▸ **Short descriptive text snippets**
------
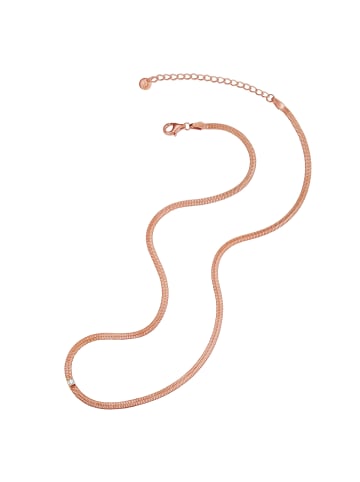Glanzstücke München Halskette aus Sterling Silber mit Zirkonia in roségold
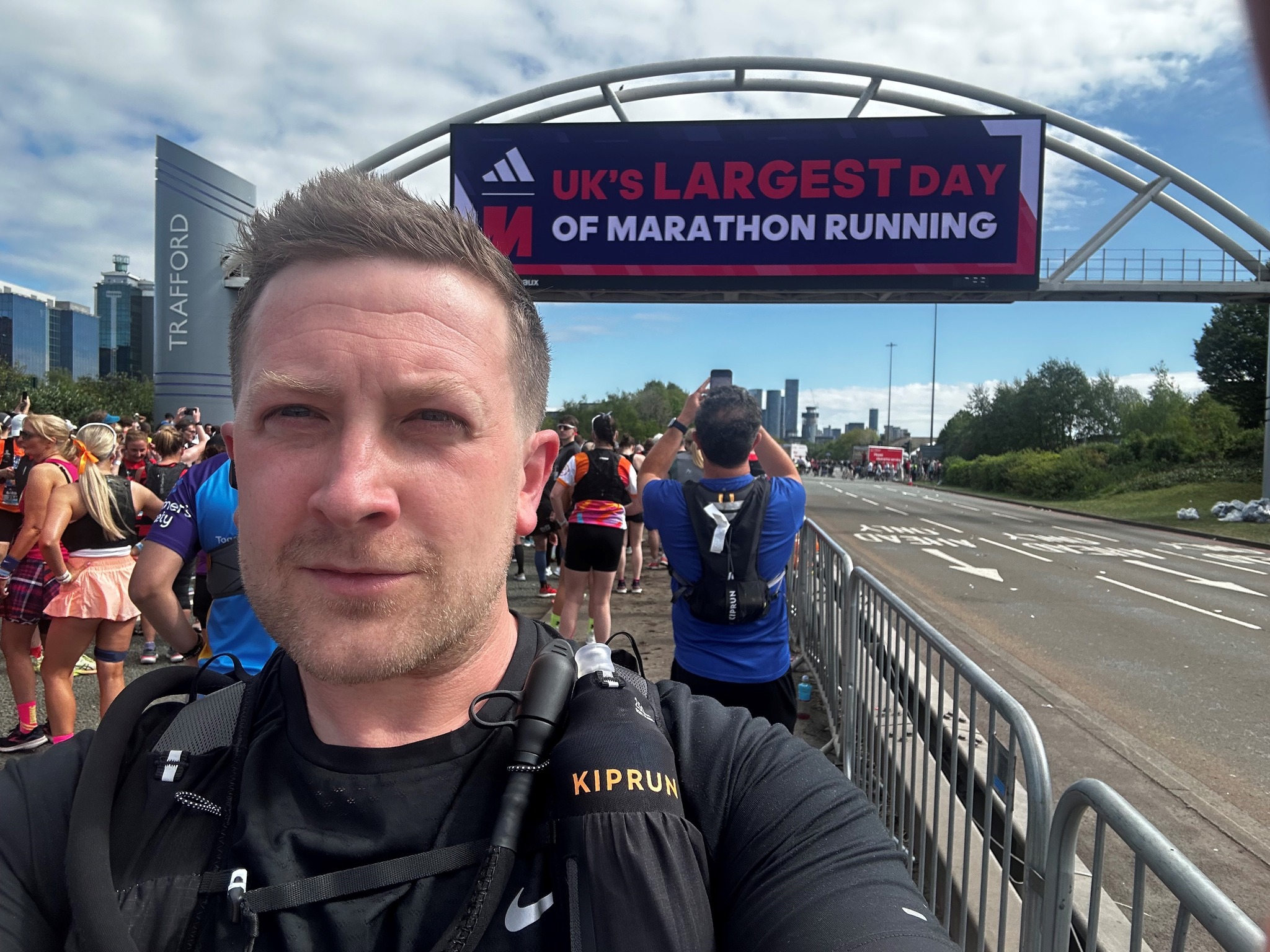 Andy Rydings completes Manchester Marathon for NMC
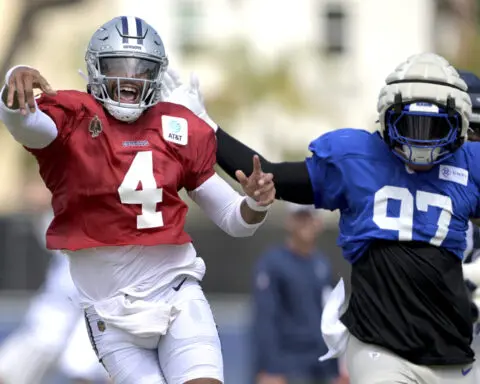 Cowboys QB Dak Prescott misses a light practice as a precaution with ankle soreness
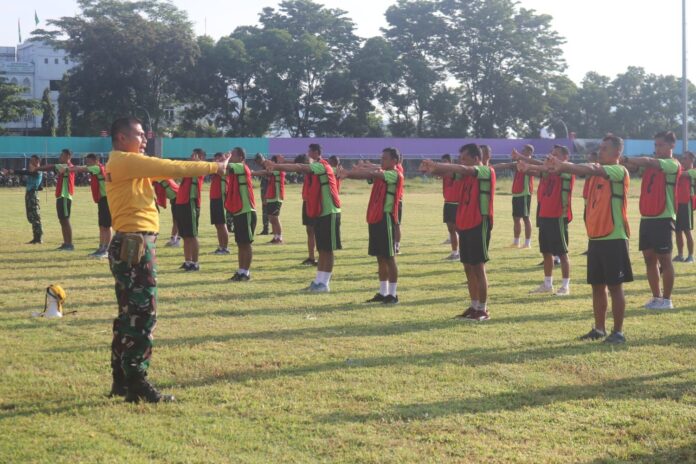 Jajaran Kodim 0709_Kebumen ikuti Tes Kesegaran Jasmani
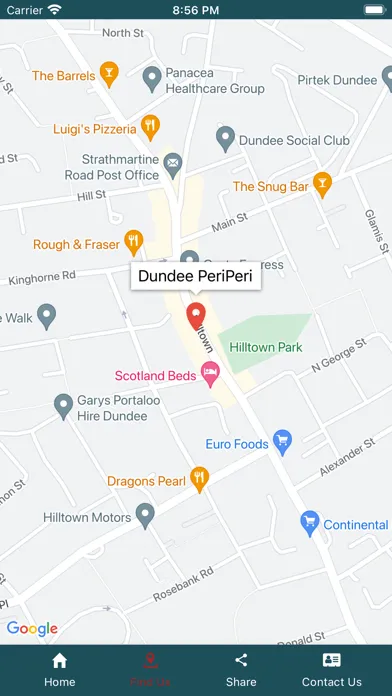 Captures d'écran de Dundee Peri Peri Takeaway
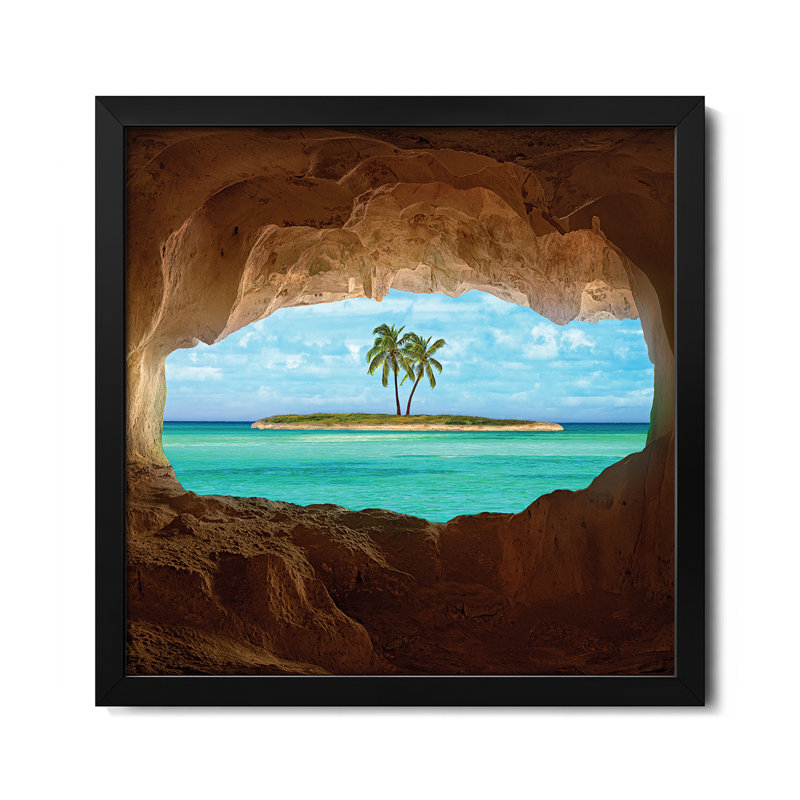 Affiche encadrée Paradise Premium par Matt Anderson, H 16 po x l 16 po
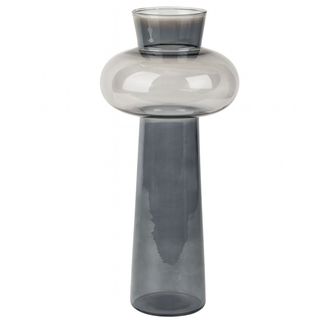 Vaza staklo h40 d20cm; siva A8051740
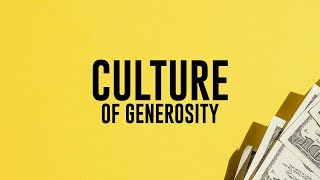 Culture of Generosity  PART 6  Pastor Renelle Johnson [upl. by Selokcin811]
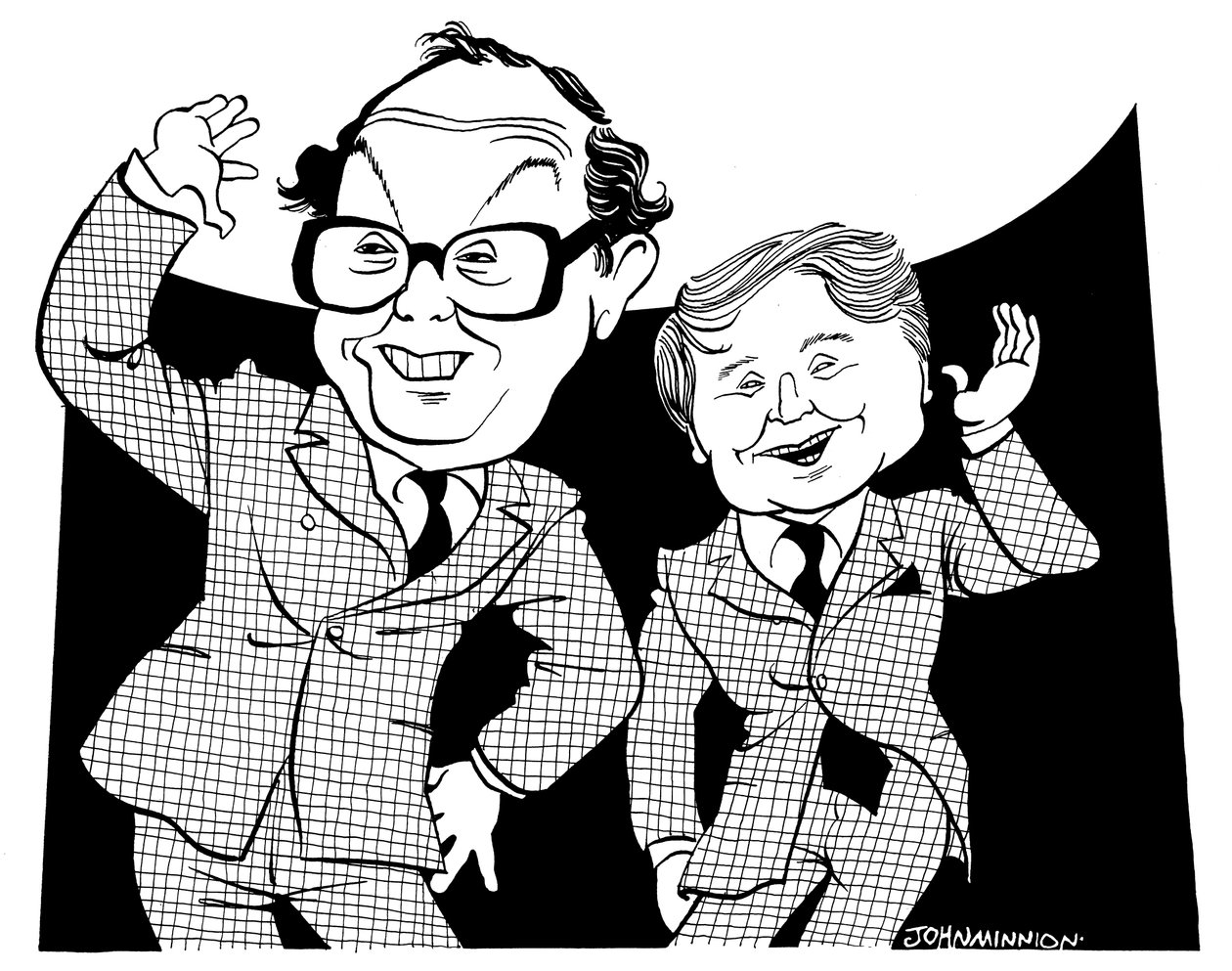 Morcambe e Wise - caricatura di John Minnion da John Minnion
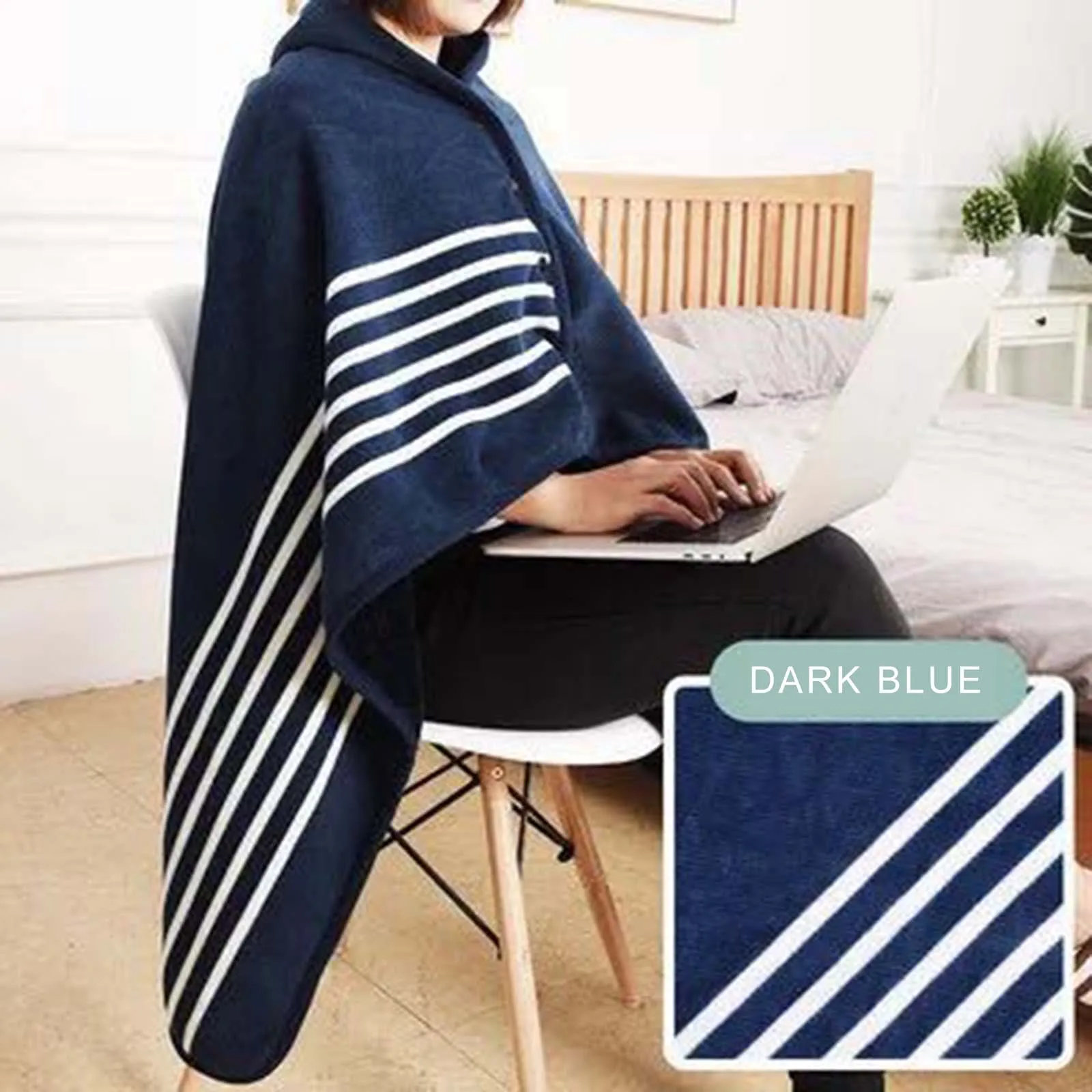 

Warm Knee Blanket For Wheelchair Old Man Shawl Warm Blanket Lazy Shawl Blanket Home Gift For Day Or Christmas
------
▸ **PROBLEM DETAILS**
All lines from the one containing "Culture of Generosity" through the final line of the entries above are to be copied exactly; the pictures are not.

▸ **SOLUTION TO THE EXERCISE**
 Culture of Generosity  PART 6  Pastor Renelle Johnson [upl. by Selokcin811]
 Morcambe e Wise - caricatura di John Minnion da John Minnion

Warm Knee Blanket For Wheelchair Old Man Shawl Warm Blanket Lazy Shawl Blanket Home Gift For Day Or Christmas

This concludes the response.